Patel and his team assessed the relative prognostic significance of seven major metabolic factors—waist circumference, insulin resistance, inflammation, blood pressure, plasma triglycerides, prediabetes, and high-density lipoprotein cholesterol—defined by the MAFLD criteria for steatosis and fibrosis outcomes, using separate models. , which were adjusted for demographics, diabetes mellitus, and overweight status.
Steatosis was defined by an attenuation coefficient set at a higher sensitivity cut-off point (≥290 dB/m), and fibrosis was defined by liver stiffness ≥8.2 kPa. Insulin resistance was measured by the homeostatic model of insulin resistance (HOMA-IR ≥2.5), and greater waist circumference was defined as 102 cm and 90 cm for non-Asian and Asian men and 88 cm and 80 cm for non-Asian and Asian women.
When insulin resistance and greater waist circumference were added to the ‘diabetes and overweight’ model, it improved accuracy in grading steatosis, with an overall NRI improvement of 77% (45% for cases and 31% for non-cases). , with an area under the curve (AUC) of 0.81.

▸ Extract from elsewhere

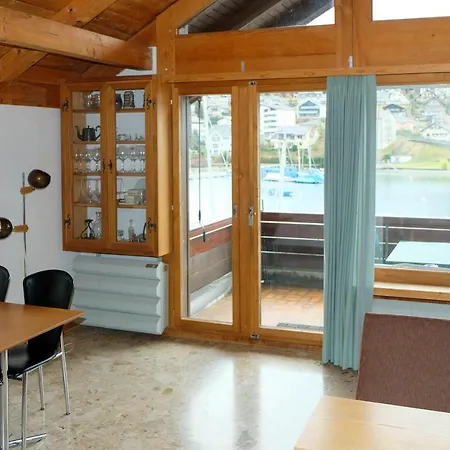 Apartamento Seewohnung 1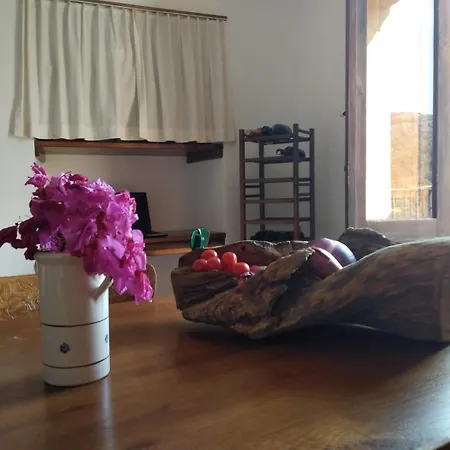 Nina's House , Nonna Lucia Διαμέρισμα *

Meanwhile, in the MAFLD model, the presence of at least two metabolic factors, diabetes, and overweight status improved the overall classification accuracy for hepatic steatosis with a total continuous NRI of 65%–82% for cases, but a lower NRI of -17 %, with an AUC of 0.79.
Patel and colleagues acknowledge that long-term data is necessary to confirm their findings.
This study was supported by the National Institutes of Allergy and Infectious Diseases and the National Institutes of Environmental Health Sciences and Optical Health.
Patel did not disclose any conflict of interest.
Co-author reported with support from Boston University School of Medicine, Division of Career Investment, Boston University Institute of Applied Sciences, Doris Duke Charitable Foundation, Gilead Sciences, and the National Institute of Diabetes and Digestive and Kidney Diseases.